For other companies such as Merck, a merger offers a chance to get into a potentially lucrative new business. Although it is the world's third largest maker of generic drugs, its prescription drug business is relatively weak. (see 3/14/06, "German Pharma Powerhouse Potential"). But the acquisition of Serono, Europe's largest biotech company, coupled with Merck's expertise in generics offers access to a potentially lucrative new market: biogenerics.


  These generic versions of biotech drugs are incredibly difficult to manufacture as they are based on complex biological organisms instead of simple molecular compounds as are more traditional pharmaceutical drugs. They are also incredibly expensive: Patented biotech drugs now account for 12% of the $240 billion U.S. drug costs. And with an estimated $20 billion worth of these drugs set to lose patent protection by the end of the decade, the market represents a potential cash cow for generic makers with biotech expertise.

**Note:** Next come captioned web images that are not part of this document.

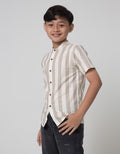 Nevada Slub Stripe Kemeja Anak Laki-laki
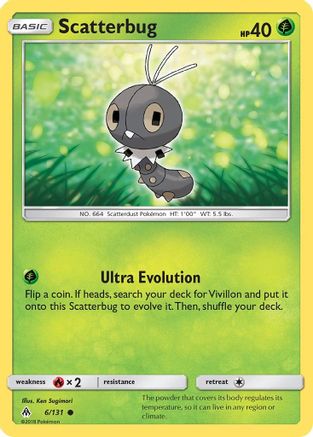 Scatterbug (6) 6/131 - SM  Forbidden Light Reverse Holofoil - Poke-Collect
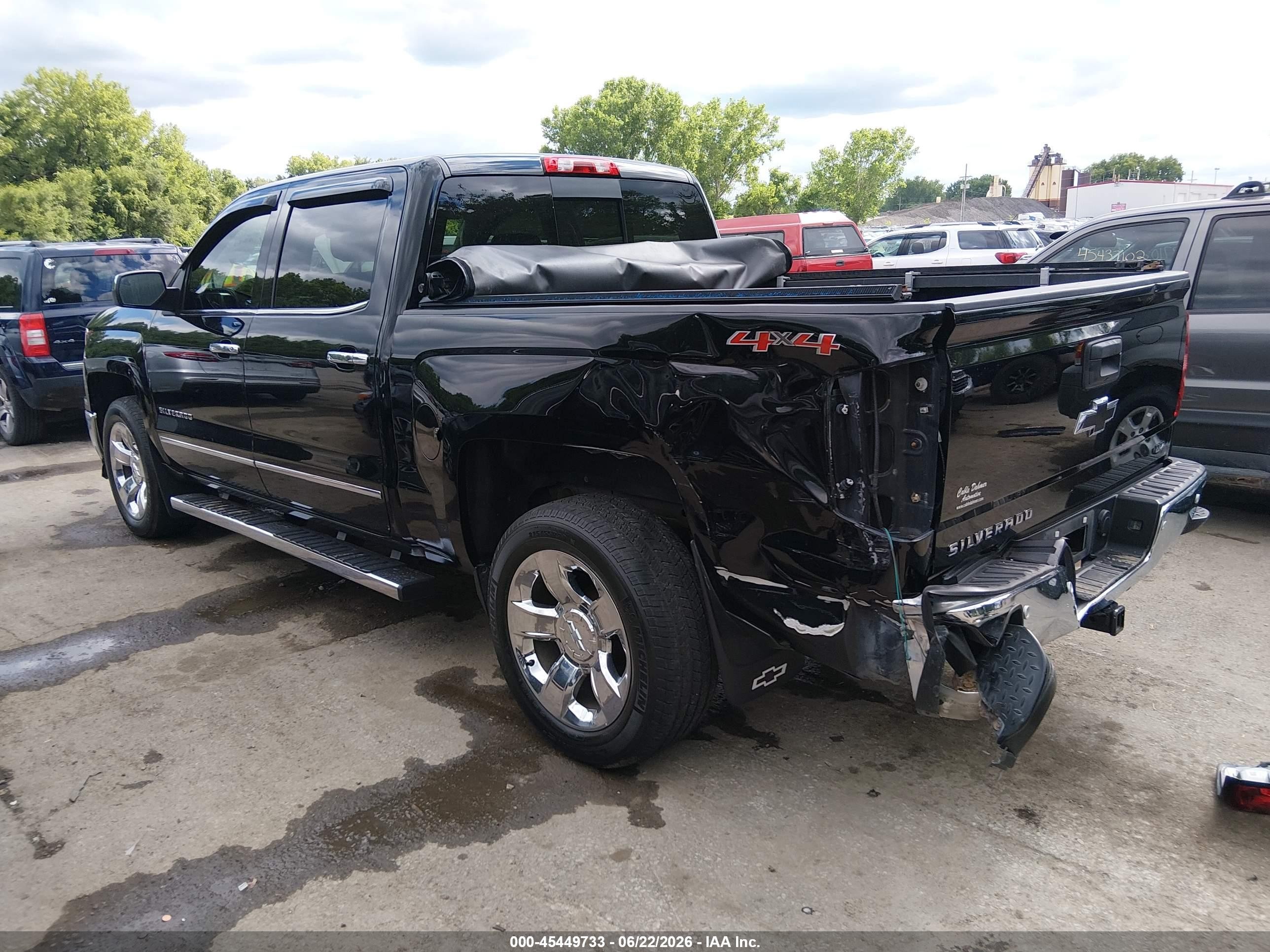 2015 Chevrolet Silverado 1500 Ltz Black vin: 3GCUKSEC8FG204981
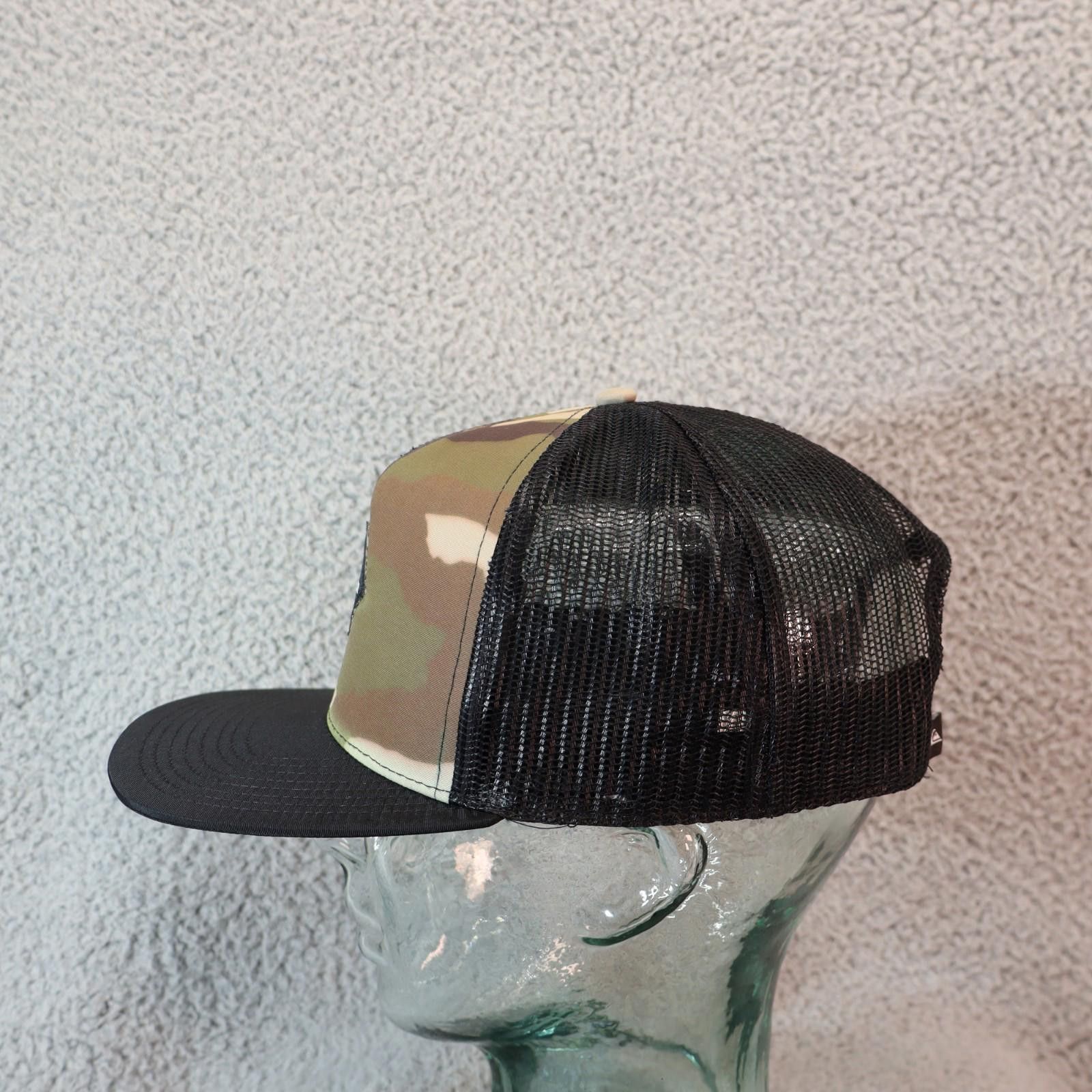 Quiksilver Quiksilver Trucker Hat Camo Snapback OS Surf Skate Mesh Size ONE SIZE - 4 Thumbnail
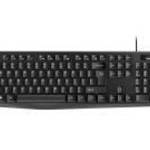 Billentyűzet vezetékes KB-117 Genius fekete fotó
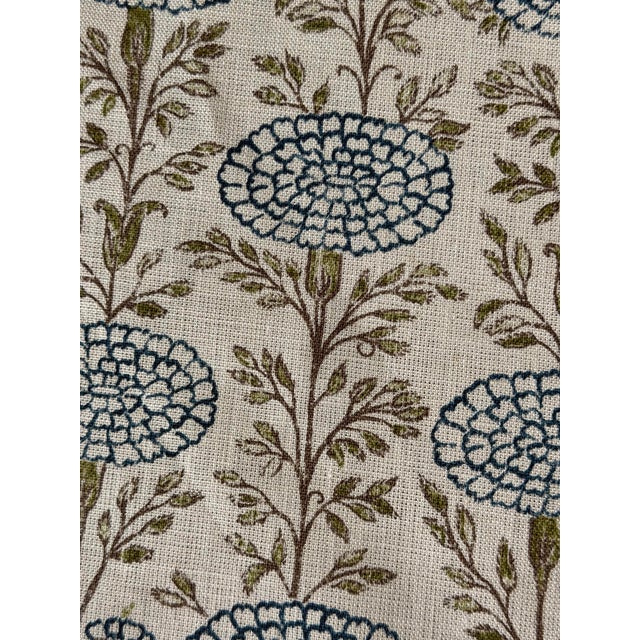 Lisa Fine Samode Indigo/Natural Fabric Sam-01 2.25 Yards Brand: Lisa Fine Pattern Name: Samode Color: Indigo/Natural...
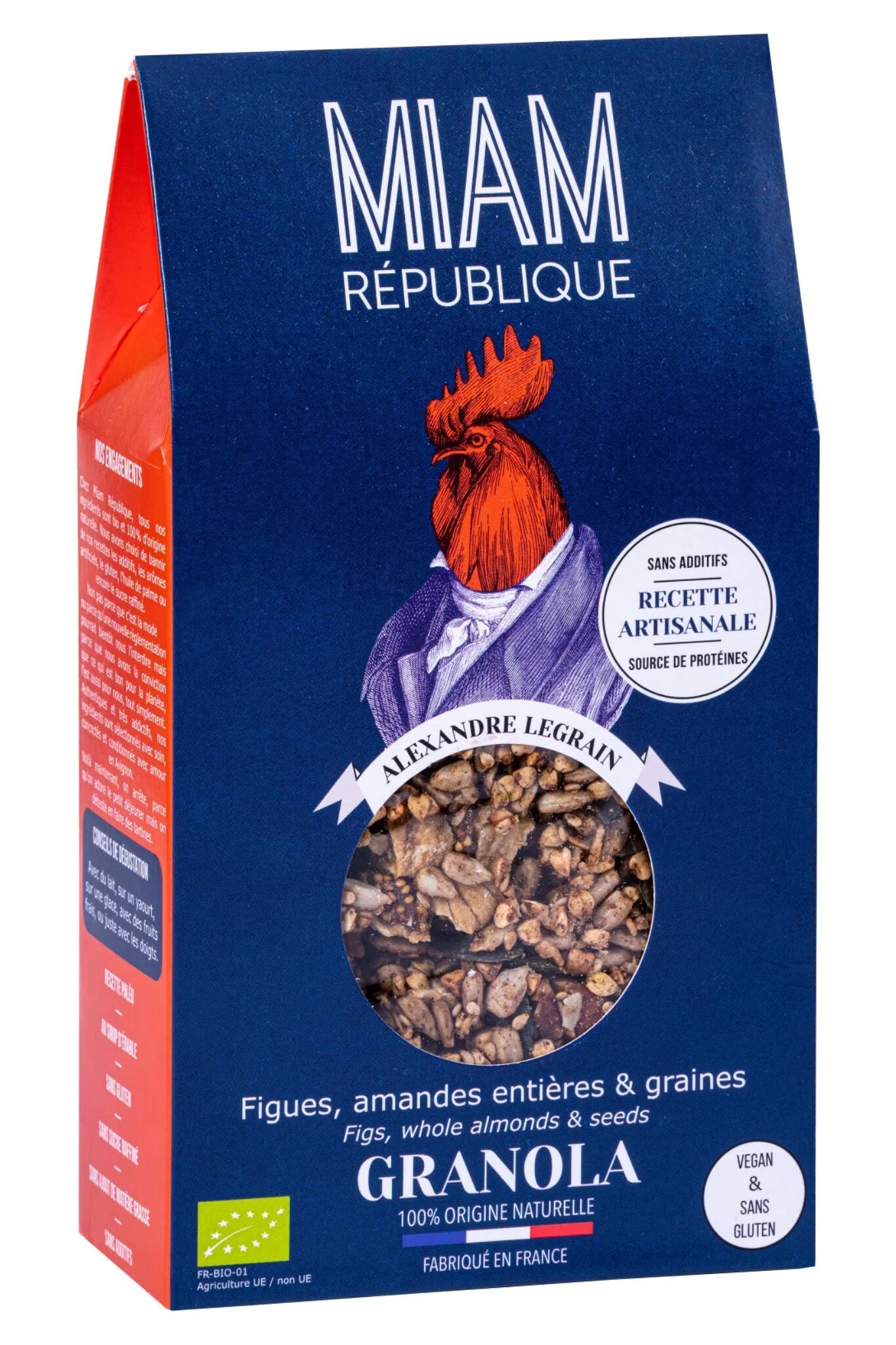 MIAM RÉPUBLIQUE ekologiška granola su figomis, migdolais ir klevų sirupu.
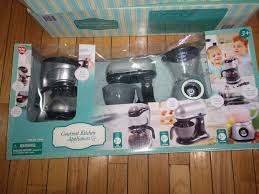 Kitchens 158746 Playgo Gourmet Kitchen Appliance Set Coffee Maker Mixer Blender Pretend Play Buy It Gourmet Kitchen Appliances Appliances Gourmet Kitchens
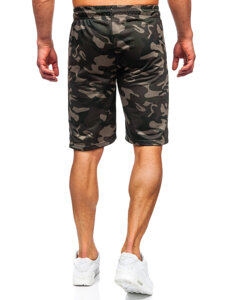 Bolf Herren Kurze Sporthose Camo Grün  JX865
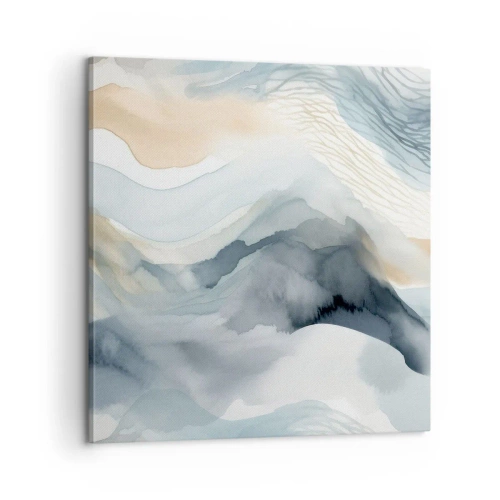 Quadro su tela - Stampe su Tela - Astrazione nevosa e nebbiosa - 60x60 cm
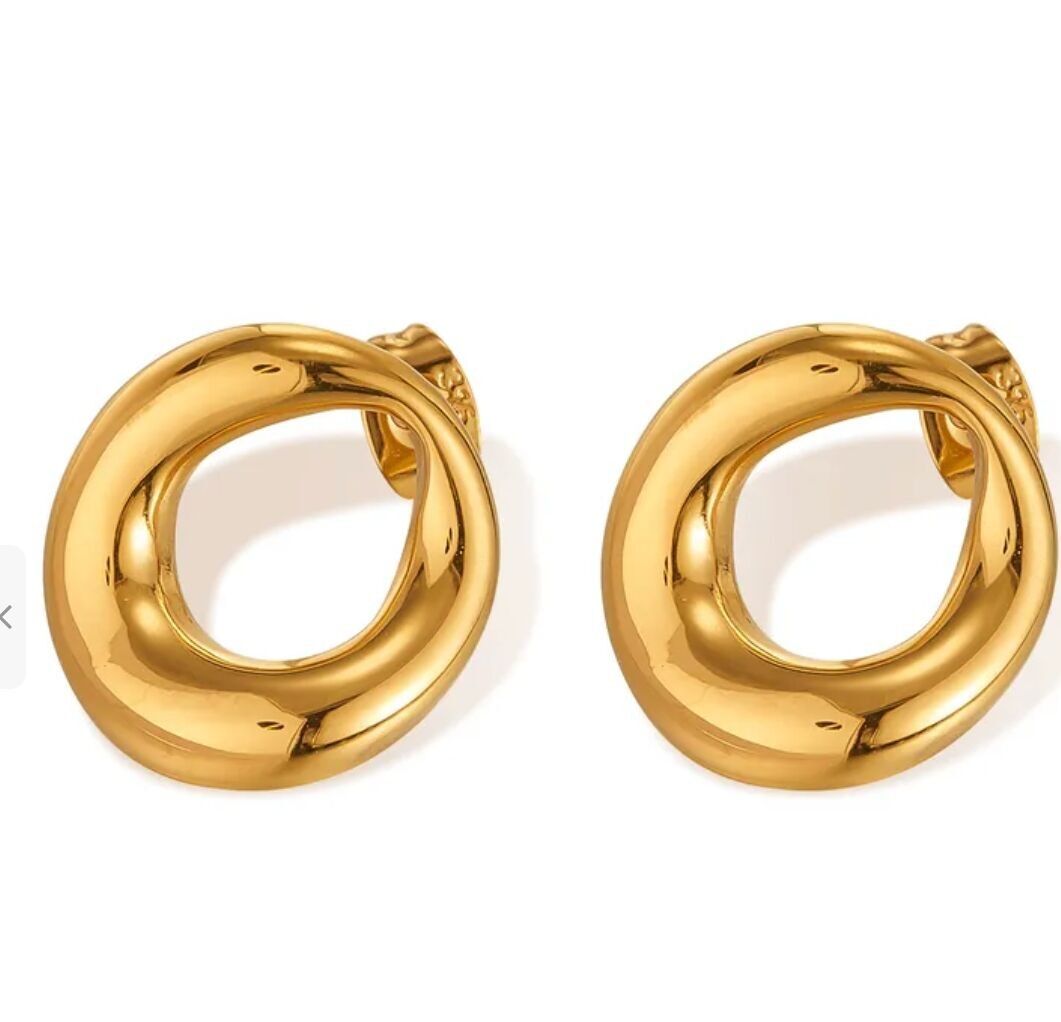 Earrings Mia gold plated
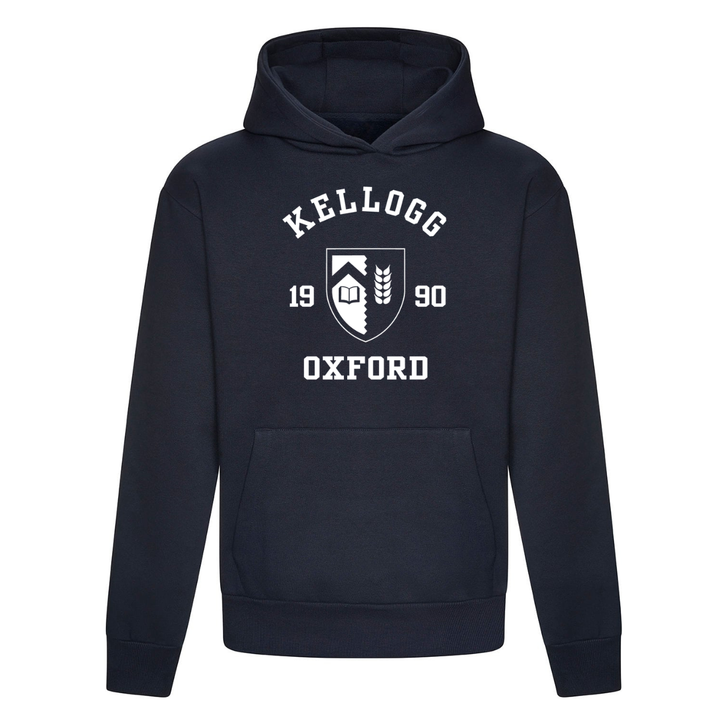 Colleges One Colour Print Hoodie - Navy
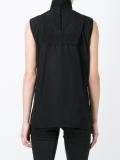 lace neckline bib blouse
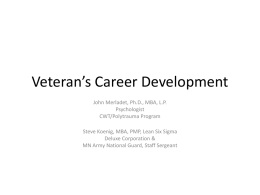 Veterans Career Development - Minnesota Career Development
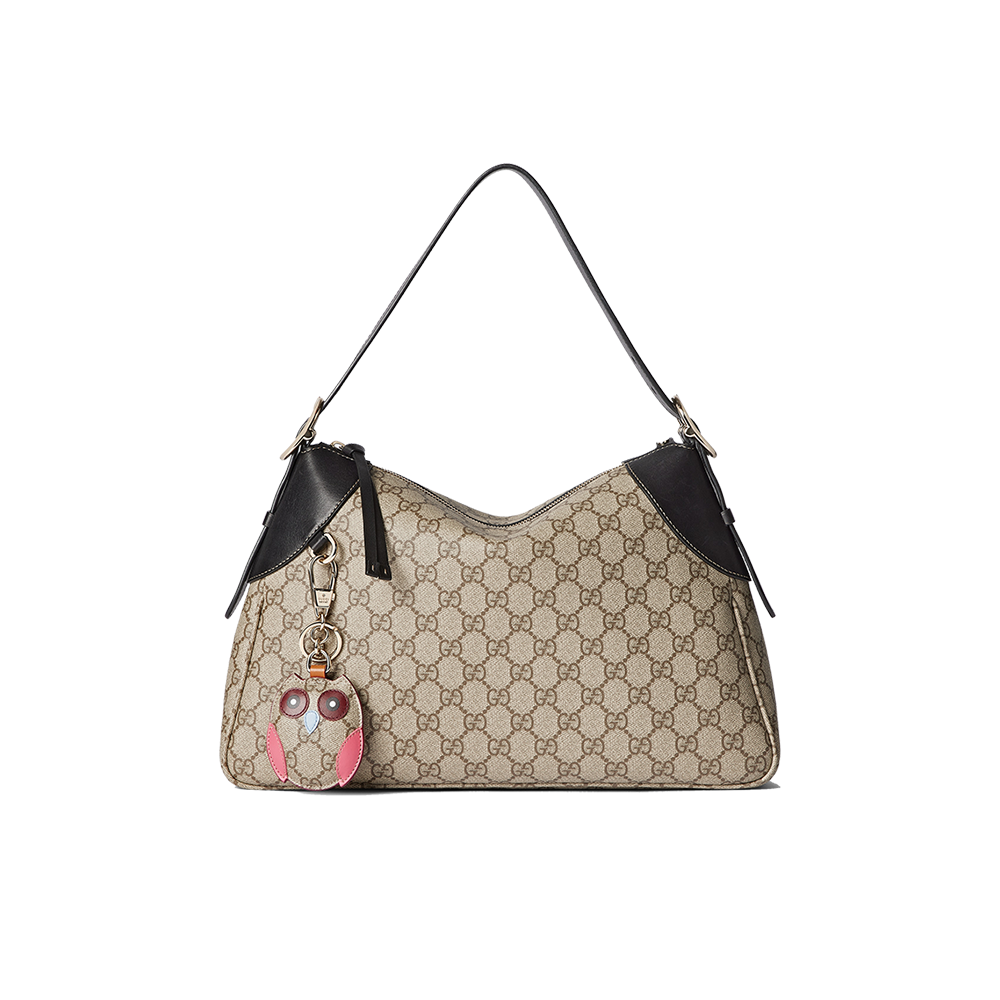 GG Emblem large shoulder bag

Moreover, European regulators are the only ones in the world to have developed guidelines for approval of these drugs, increasing the likelihood that the first biogenerics will be approved in Europe. "This is the next big frontier in Europe for pharmaceutical companies," says David Seemungal, pharmaceuticals analyst at Standard & Poor's in London.

And Merck isn't the only midsize player to have spotted its potential. U.S. generic drug giant Barr Pharmaceuticals (BARR) is in a bidding war with Icelandic generic maker Actavis to acquire Croatian generic drugmaker Pliva. Barr recently upped its offer from $2.3 billion to $2.5 billion.

With the generics market in general estimated to grow rapidly in Europe, many firms such as Pliva are expected to lead the next round of consolidation in Europe. Some of the companies analysts say are currently undervalued and likely takeover targets include Norway's Alpharma (ALO) and Hungary's Gedeon Richter and Egis Pharmaceuticals.